Indian Bond Yields Climb to a Two-Week High as Rupee WeakensShikhar Balwani
India’s 10-year bonds fell, with the yield climbing to a more than two-week high, as the rupee slumped to its lowest level since November on concern a sell-off in emerging-market assets will worsen.
The currency dropped 0.7 percent to 63.10 per dollar amid concerns an economic slowdown in China and reduced monetary stimulus from the U.S Federal Reserve will cut capital flows to high-yielding markets. A weaker rupee stokes inflation as India imports about 80 percent of its oil. The Reserve Bank of India will leave its benchmark repurchase rate at 7.75 percent at a meeting tomorrow, according to 42 of 45 economists surveyed by Bloomberg. Three predict an increase to 8 percent.
“Bond markets tracked weakness in the rupee, plus there is some nervousness on account of the global sell-off,” Anoop Verma, vice president for treasury at DCB Bank Ltd. in Mumbai, said by phone.
The yield on the 8.83 percent sovereign notes due November 2023 rose three basis points, or 0.03 percentage point, to 8.77 percent in Mumbai, according to the central bank’s trading system. That’s the highest level since Jan. 9. The yield jumped from an intraday low of 8.7 percent as the rupee extended declines.
Governor Raghuram Rajan left rates unaltered at the RBI’s last meeting on Dec. 18, saying the central bank is awaiting more data. He raised the repo rate by 25 basis points each in September and October to counter inflation.
Data this month showed wholesale-price gains eased to 6.16 percent in December from a year earlier, compared with a 14-month high of 7.52 percent in November.

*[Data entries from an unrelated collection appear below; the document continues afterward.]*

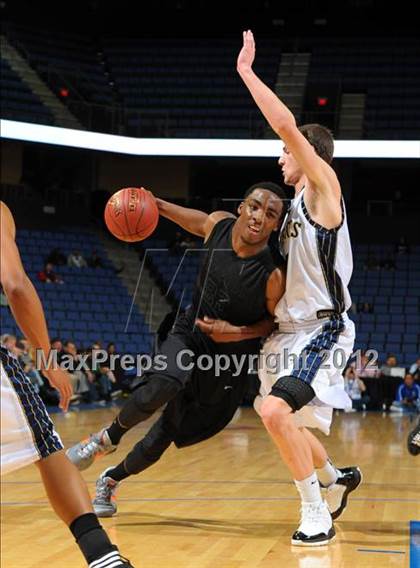 Thumbnail 2 in Lincoln vs. La Costa Canyon (CIF D2 SoCal Regional Final) photogallery.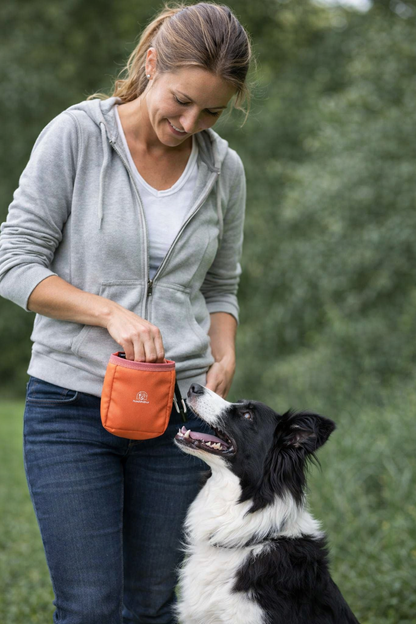 Futterbeutel Zorbi Schwarz mit Karabiner – Kollektion Hundehöhle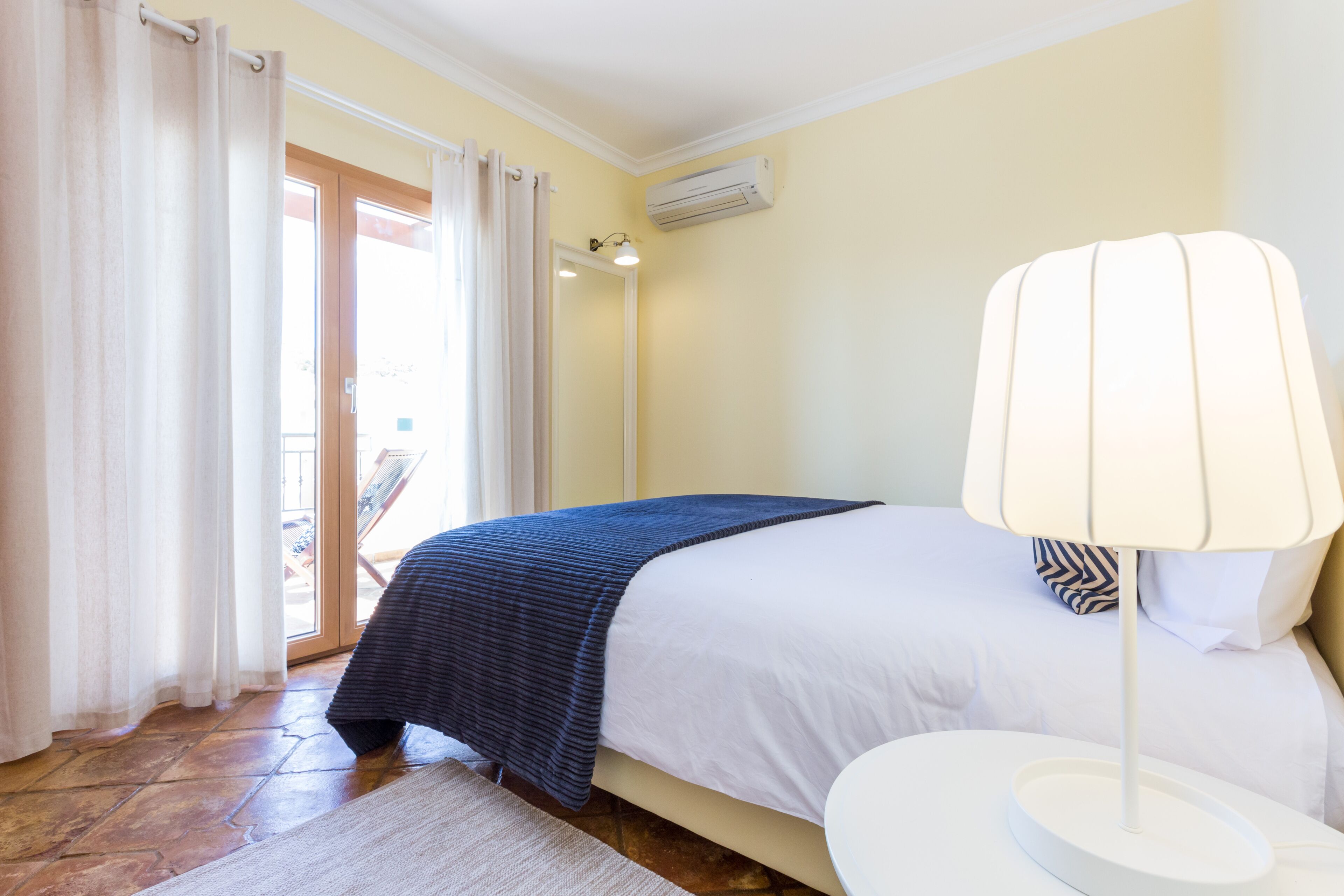 2 slaapkamers, een kluis op de kamer, een strijkplank/strijkijzer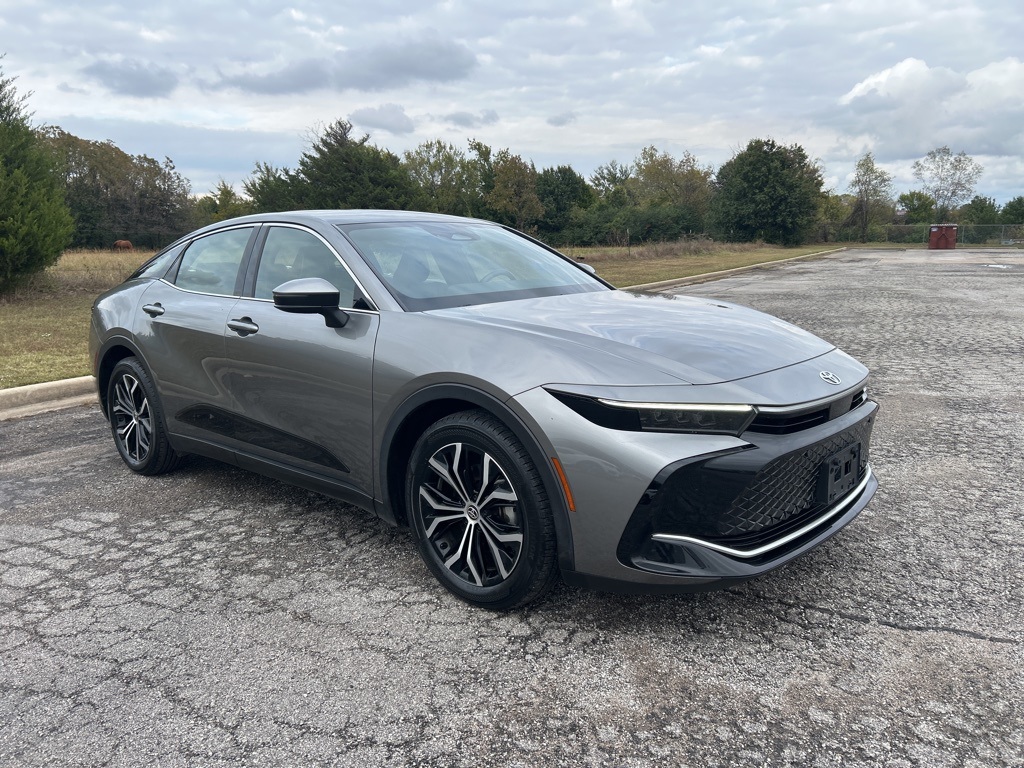 2023 Toyota Crown Limited photo 3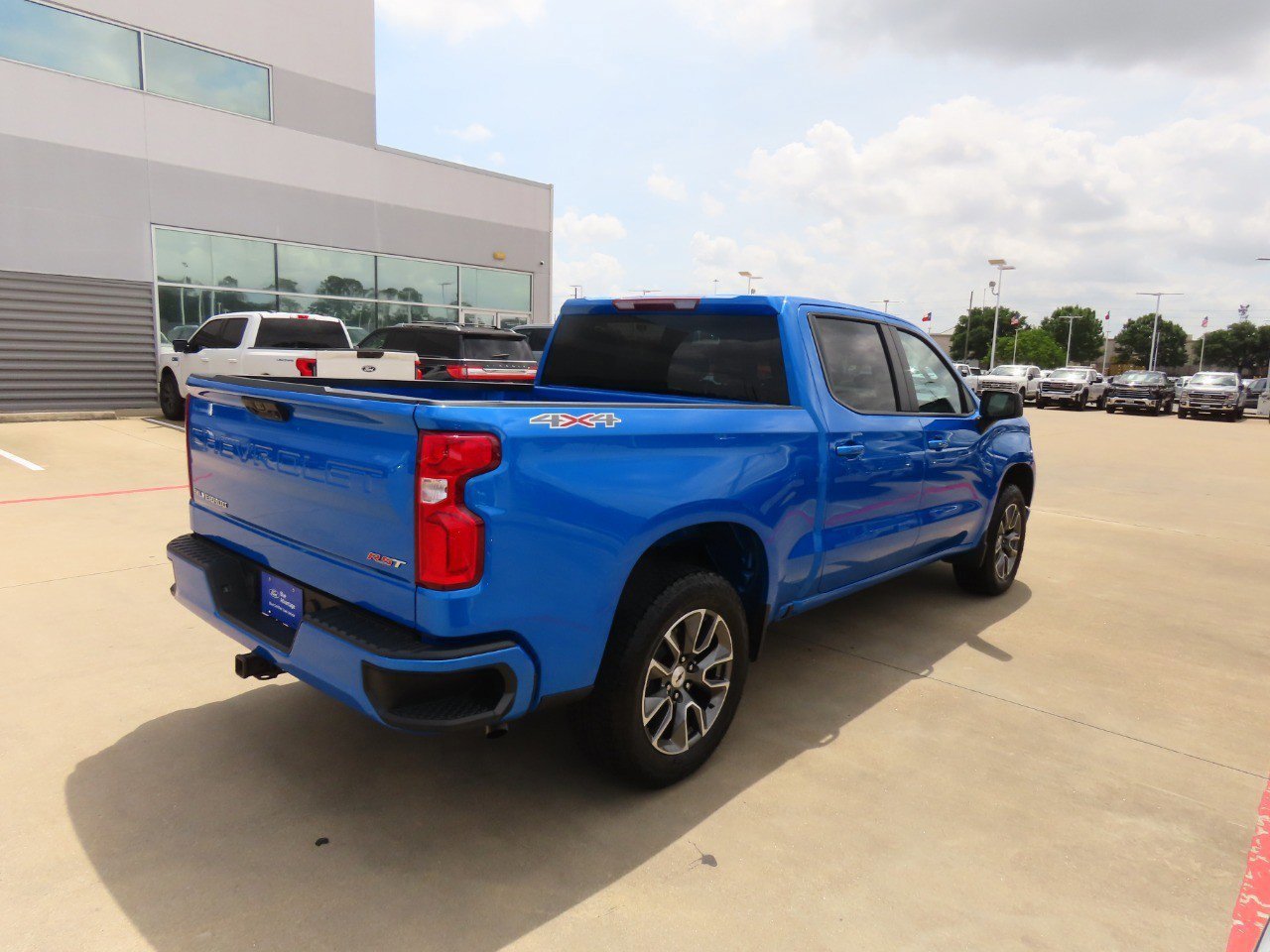 Used 2025 Chevrolet Silverado 1500 RST image 5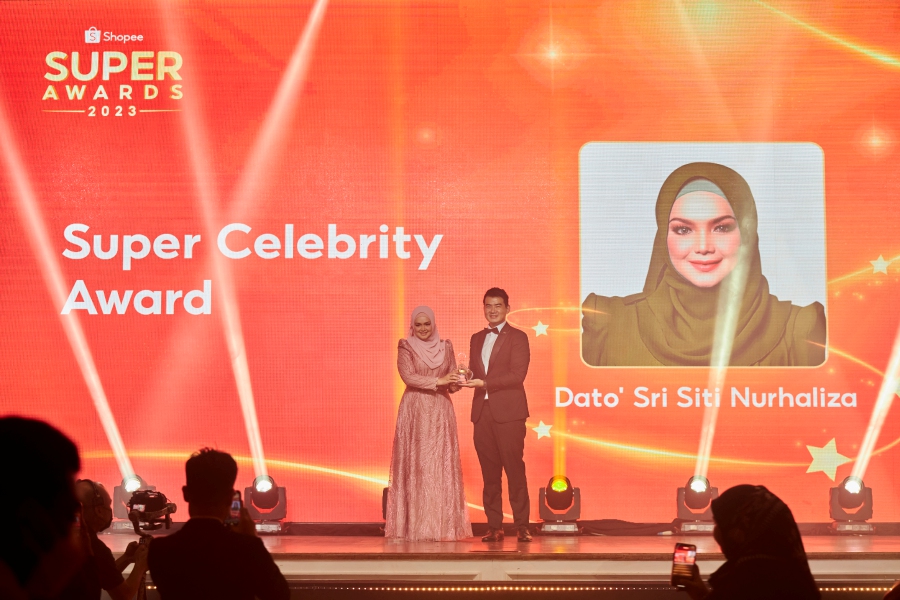 Siti receiving the award from Soh. — Photo courtesy of Shopee
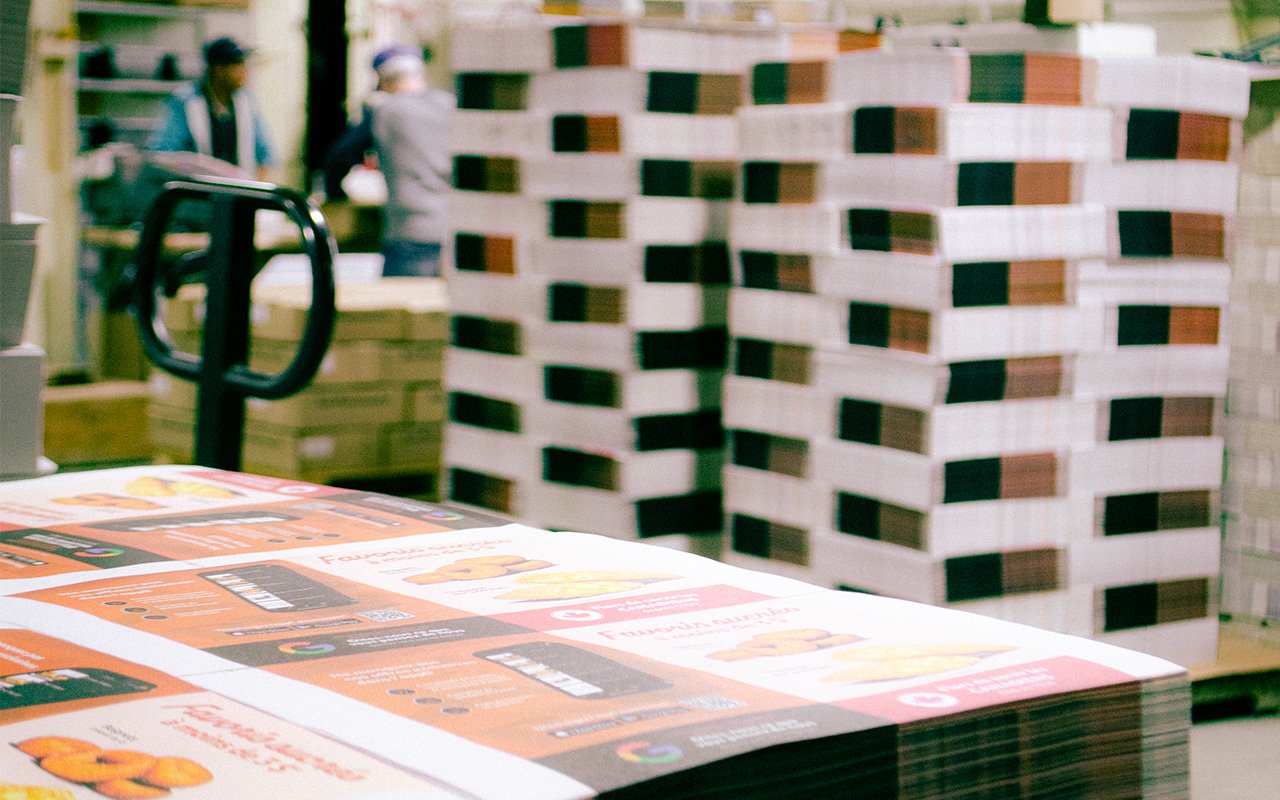 1280x800-Placemats-Stack-DSC_0265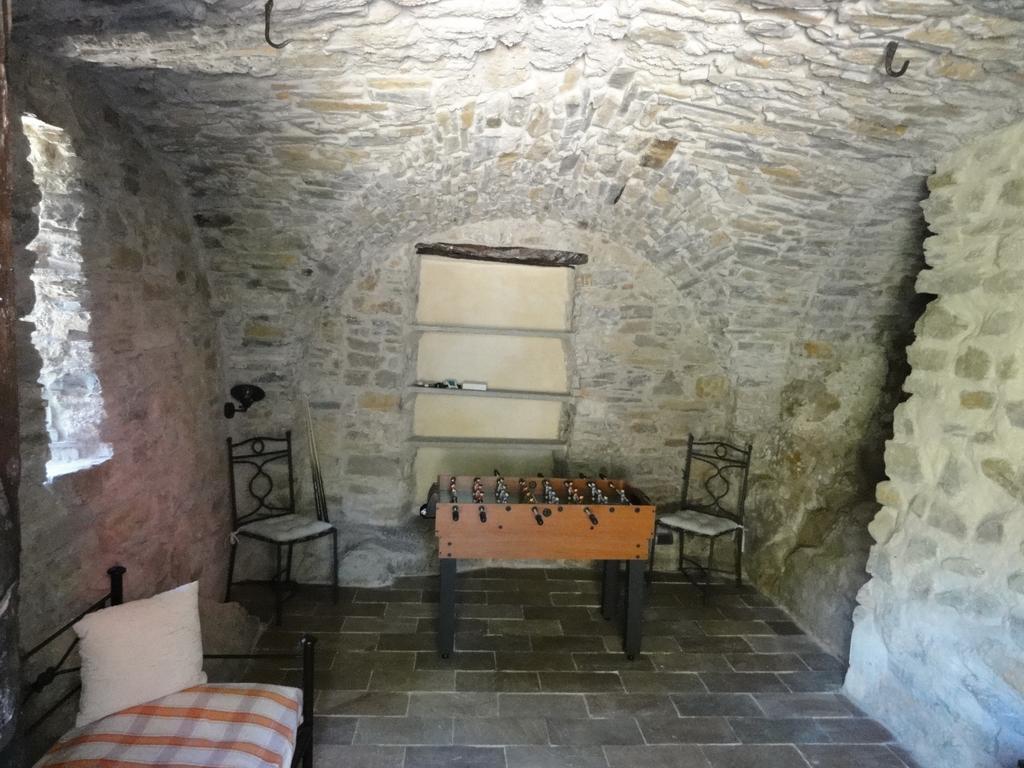 הוילה אימפריה Il Merlo Della Rocca חדר תמונה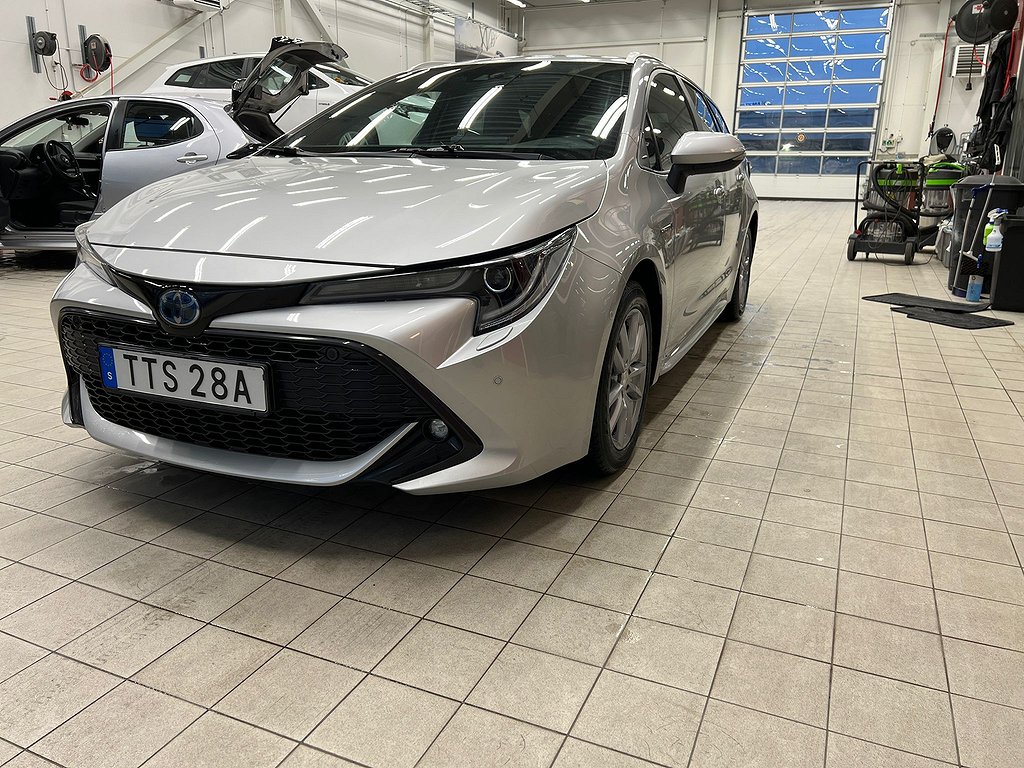 Toyota Corolla Touring Sports Hybrid Style B-kamera CarPlay 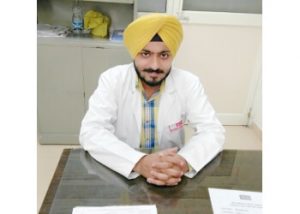 Dr. Harpreet Singh, MBBS, MD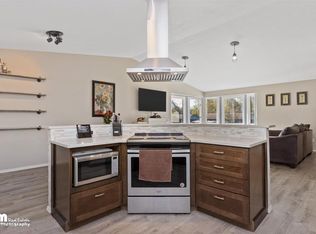 241 Ellen Cir, Anchorage, AK 99515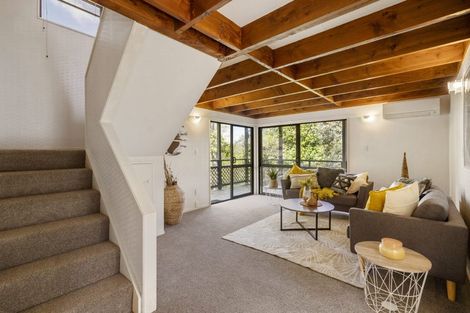 Photo of property in 8a/1 West Lynn Road, Titirangi, Auckland, 0604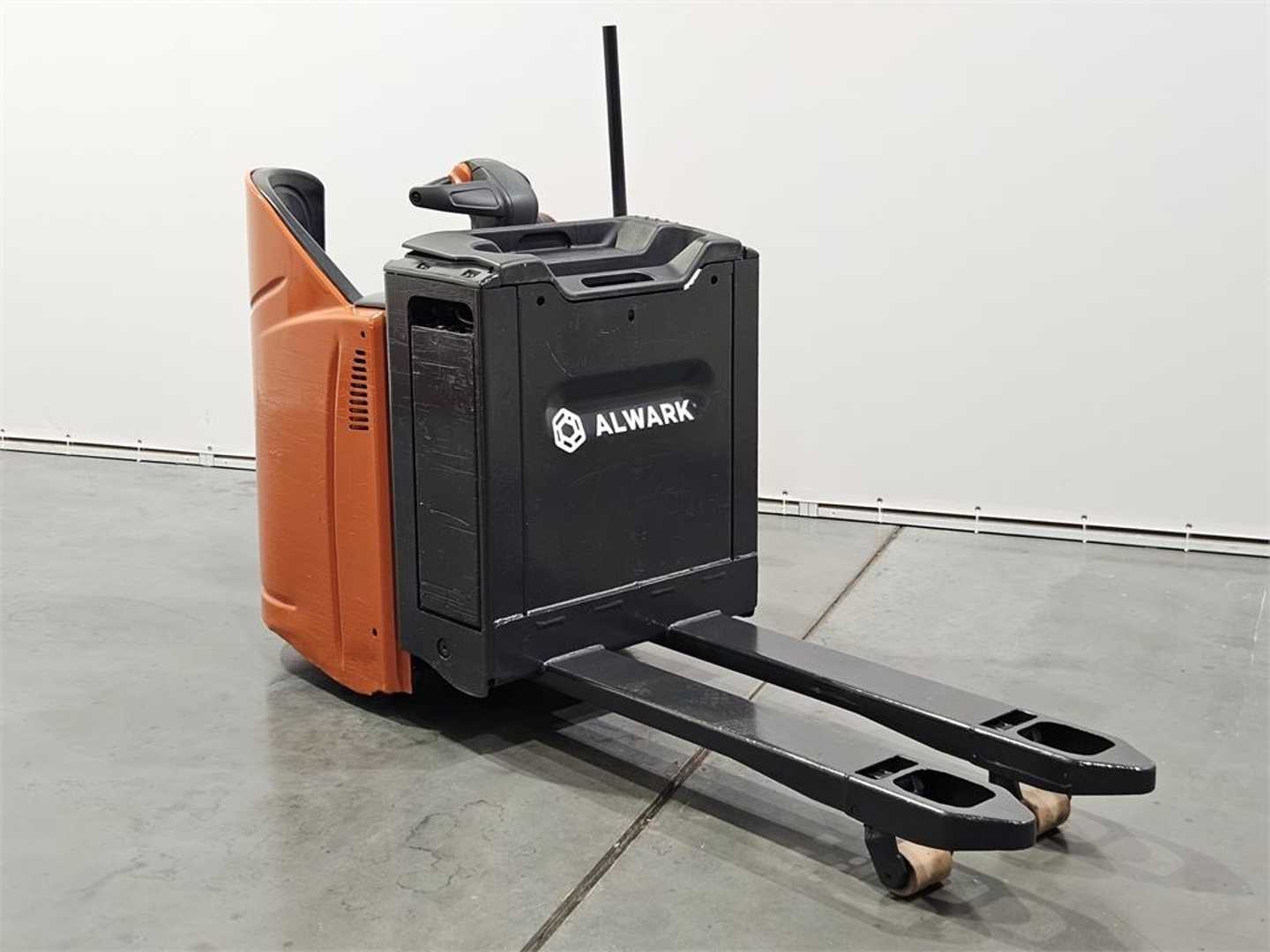 Used Forklift Linde T20SP Žemo kėlimo krautuvas su grąžulu (Image 2)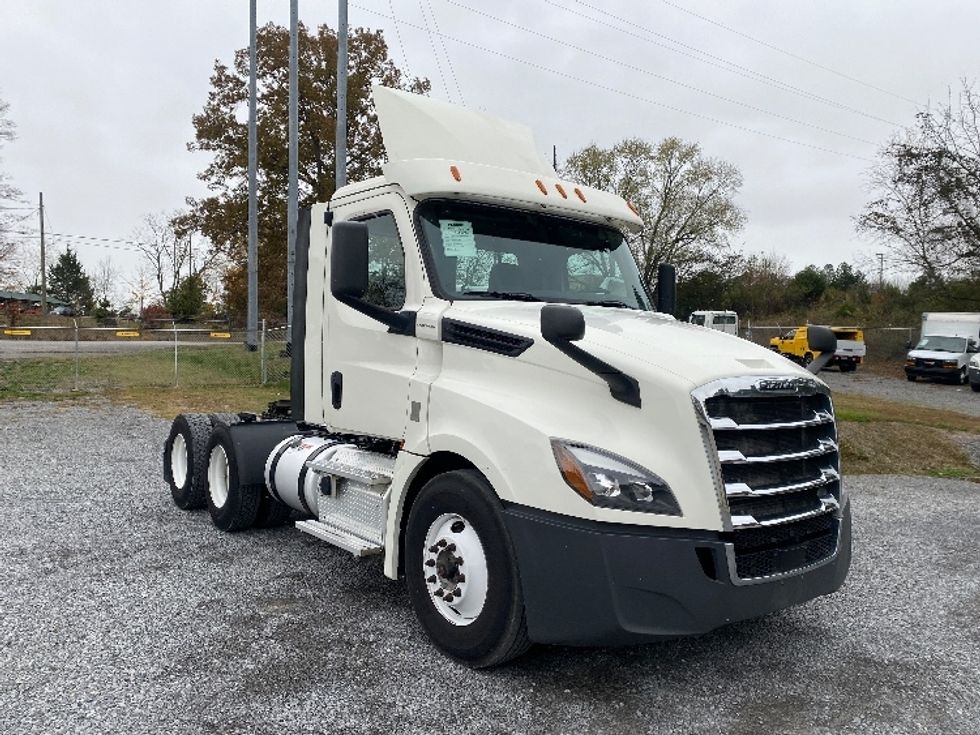 Day Cab Tractor-Heavy Duty Tractors-Freightliner-2019-T12664ST-Cleveland-TN-322,637\n\t\tmiles-$ 49,250 - Image 1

Consumer prices rose 9.87 percent, the slowest pace in three months.
“The RBI will maintain status quo on rates tomorrow and the only positive trigger for bond markets could be some liquidity-easing measures,” Verma said.
Ten-year bonds completed this year’s first weekly loss on Jan. 24, with yields climbing 11 basis points in the period, after a central bank panel recommended that monetary policy should focus on curbing consumer prices, a shift that could lead to higher borrowing costs.
The panel appointed by Rajan proposed adopting a CPI target of 4 percent by 2016, moving away from the current practice of using wholesale prices as the benchmark for living costs. India’s consumer-price inflation has averaged around 10 percent in 2013 compared with WPI’s 6.3 percent.
“The key implication of this new CPI-based inflation targeting framework is that interest rates in India will remain higher for longer,” Sonal Varma and Aman Mohunta, Mumbai-based economists at Nomura Holdings Inc., wrote in a Jan. 22 report. Nomura expects the RBI to increase the repo rate by 25 basis points tomorrow.
One-year interest-rate swaps, derivative contracts used to guard against swings in funding costs, increased seven basis points to 8.48 percent today, the highest level since Dec. 30, data compiled by Bloomberg show.